Ce roman est une fresque historique dense et foisonnante. On y suit 5 familles de 4 pays différents, qui chacune nous éclaire sur le point de vue de leur pays et de leur classe sociale pendant la Première Guerre mondiale (un peu avant et un peu après, histoire de planter le décors).
(Il y a au début de ce livre une liste de personnages qui fait 6 pages, ça m’a un peu impressionnée au départ, mais pendant ma lecture je n’en ai pas eu besoin une seule fois, les personnages sont assez forts pour qu’on ne les mélange pas.)
On fait d’abord la connaissance des Williams, famille de mineurs gallois, ce sont eux qui nous ferons rentrer dans le quotidien de la classe ouvrière britannique en ce début de XXe siècle.
Les Williams travaillent dans les mines qui se trouvent sur les terres du comte Fitzherbert, aristocrate conservateur qui a épousé une princesse russe (assez antipathique, mais qui représente à merveille les pires côtés de la noblesse).
L’Allemagne est représentée (cette formule me fait penser à l’Eurovision) par la famille Von Ulrich, tous diplomates, basés à Londres au début du roman. Là c’est plus simple (ou presque) une seule famille regroupe les deux points de vues possibles : Otto, le père est un conservateur très proche du kaiser et Walter, son fils, représente une nouvelle génération d’Allemands, plus ouverte sur le monde.
On poursuit notre route en Russie, où les frères Pechkov, tous deux ouvriers dans une fonderie vont pour l’un partir aux Etats-Unis et l’autre prendre une part importante aux événements de son pays.
Gus Dewar permet d’introduire les États-Unis. C’est un personnage plus discret que les autres mais néanmoins essentiel.
Cette liste de personnages donne à croire qu’il n’y a que les hommes qui mènent l’histoire, mais les femmes y prennent une part importante, notamment concernant la lutte pour l’évolution des droits des femmes au Royaume-Uni. Mais ces femmes sont assez difficiles à décrire sans que je ne sois obligée de vous en dire trop sur l’histoire. (Les deux principales sont pourtant les personnages que j’ai préférés)

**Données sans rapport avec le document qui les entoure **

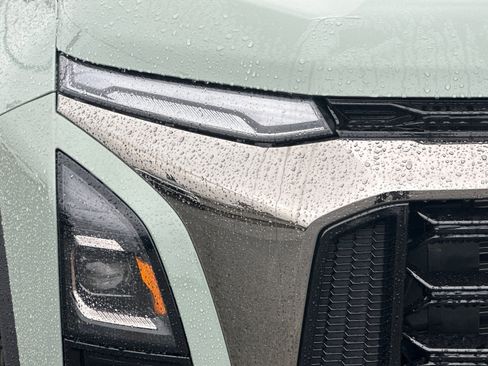 New 2026 Chevrolet Equinox ACTIV w/ Safety and Technology Package image 32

Chacun des personnages nous fait entrer dans son quotidien. Nous n’accédons pas seulement à leurs avis politiques, mais aussi à leurs relations familiales, leur travail, leur maison… Ce roman donne chair au mornes frises chronologiques que l’on trouve dans les manuels d’Histoire (même si ces dernières années les programmes scolaires ont fait des progrès sur le côté humain de l’Histoire).

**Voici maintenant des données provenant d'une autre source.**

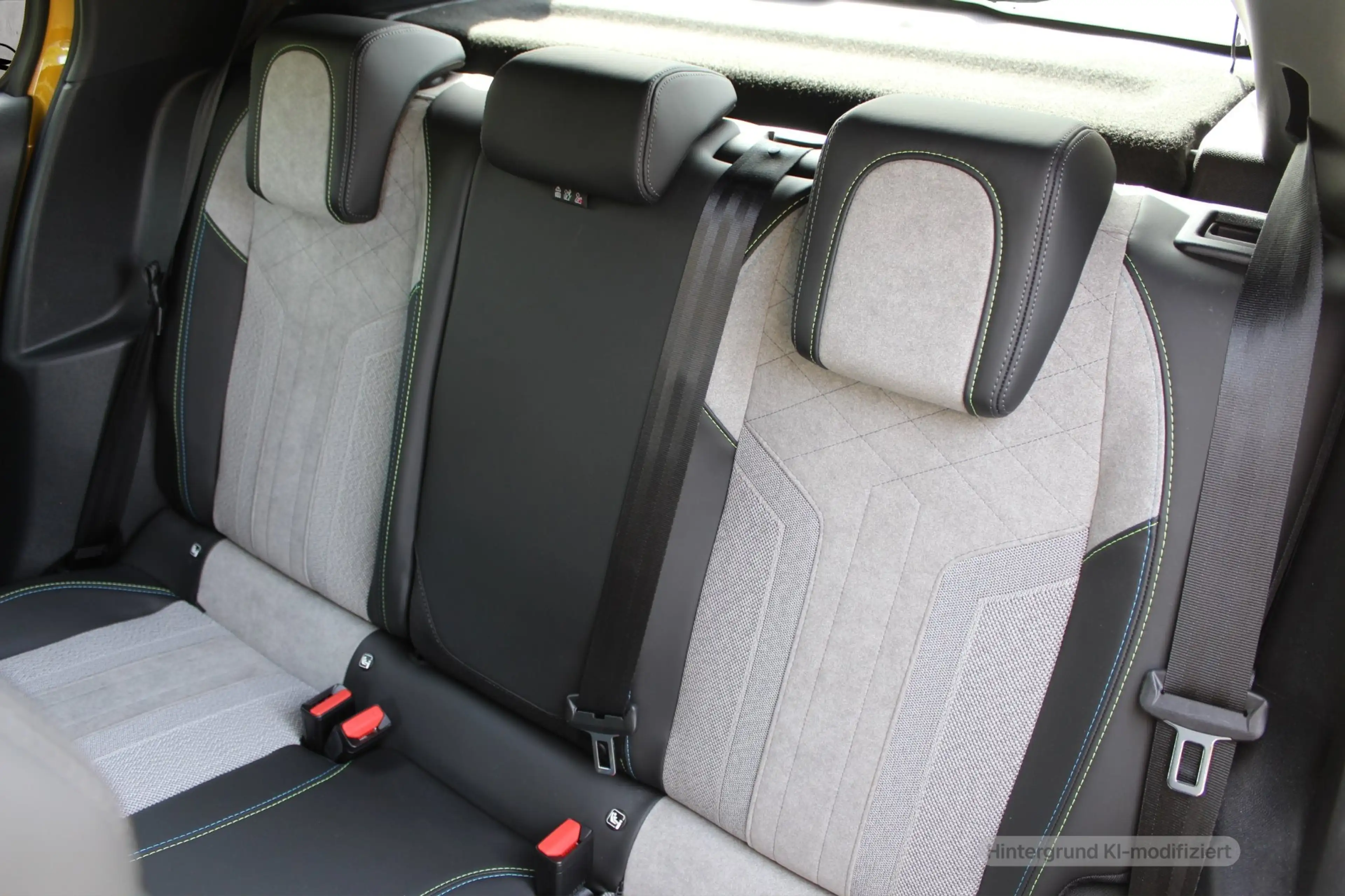 Peugeot e-208 GT — photo 9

Evidemment on découvre au fur et à mesure que les passés et les « avenirs » (selon le déroulement de l’histoire, enfin, vous voyez ce que je veux dire) de chacun de ces personnages sont liés d’une manière ou d’une autre [amour (et il y en a, beaucoup, passionné !), haine, calcul politique…].
On retient surtout que la Première Guerre mondiale a commencé à cause de vexations accumulées (l’assassinat de l’archiduc n’est que la partie émergée de l’iceberg… et l’on se rend bien compte de toutes les finesses et/ou bourdes diplomatiques qui mènent au déclenchement de la guerre) et qu’elle s’est prolongée, éternisée, pour de l’orgueil mal placé de la part de chacun des belligérants (là encore c’est grâce à nos personnages biens placés dans les sphères politiques et diplomatiques de leur pays que l’ont suit l’évolution et les réflexions de chaque puissance).
Mais on n’évolue pas uniquement dans les salons feutrés et les couloirs des ambassades, Follett donne un aperçu (quoique finalement un peu succinct, proportionnellement à la longueur du récit) de la vie des soldats dans les tranchées et pendant les combats.

Un seul bémol, mais je pense que c’est lié au fait que Follet soit britannique (et moi française) : l’absence quasi totale des Français. C’est assez étonnant de lire 1000 pages sur une guerre qui s’est déroulée sur notre territoire mais n’avoir que quelques pages sur l’armée française (moquée pour ses uniformes bleus et rouges assez peu efficaces pour se fondre derrière un buisson… ça, on ne peut pas le nier) et l’intervention d’un général pour motiver les officiers anglais qui visiblement n’étaient pas très motivés ni coopératifs au début de la guerre…
Mais bon, finalement on a tellement ingurgité d’Histoire de France pendant notre scolarité, avoir le point de vue des autres pays européens n’est pas inutile.

Ce roman fleuve permet de lier la grande et la petite histoire. Malgré l’épaisseur impressionnante de ce livre, il n’y a pas eu un moment où j’ai survolé le texte en espérant que la suite serait mieux, je n’ai pas eu envie de l’abandonner. Je l’ai dévoré (pas d’une traite, vous sauriez que je mens… je travaille, j’ai des amis et je dors… et il faut un peu de temps pour lire un tel livre !), et je suis prête à faire de même pour le tome 2 !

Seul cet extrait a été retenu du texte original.